Jon Andersen - William Blair & Company L.L.C., Research Division

Okay. And inventory, I guess, obsolescence wasn't mentioned as a headwind this quarter. I assume that's kind of behind us now. Is that a fair assumption?

Zahir M. Ibrahim

Jon, first thing, we modeled a continuation of some of the -- at a higher level that we saw at the back end of last year. So that's what we modeled into our numbers for this year. And in Q1, it was largely as expected. But it wasn't a material driver of the year-over-year margin change. We've made some really good progress in this area cross-functional teams to address the issue. But there's going to be a lag in terms of when you'll see that impact show up in the P&L. So typically, the obsolescence expense that you're seeing in the P&L right now is a result of decisions or inventory that was made 6 to 9 months ago.
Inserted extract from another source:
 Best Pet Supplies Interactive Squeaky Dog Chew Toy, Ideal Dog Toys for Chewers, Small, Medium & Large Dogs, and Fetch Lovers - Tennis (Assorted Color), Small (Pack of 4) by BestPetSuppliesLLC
So the good progress that we're making right now, we'll start seeing the benefits of that in the back half of the year.

Jon Andersen - William Blair & Company L.L.C., Research Division

Okay. Just one quick one on pricing. The increase that's effective, I guess, midyear this year, is that pretty balanced across the portfolio? Or does it skew to one of the segments more than others?

John M. Foraker

It's pretty balanced. We've gone a little heavier in some spots and a little less in others. When we take pricing, we're very careful to look at price gaps, cliffs, elasticity, et cetera. And so we've been very thoughtful about how we've applied that. That price increase is out there. We don't expect any problem in getting it realized. We obviously have a good commodity story to support that we need one. And we feel like it's going to have very minimal impact on our positioning in the categories. And we think it's going to be really positive to the overall margin structure of the business in the second half.

Operator

And we have no further questions at this time. Mr. Aaron, I'll turn the conference back to you for closing or additional remarks.

John M. Foraker

That's it.

Ed Aaron

Thank you, everybody. We look forward to talking to you next quarter.

Operator

And again, ladies and gentlemen, that concludes our conference for today. We thank you all for your participation.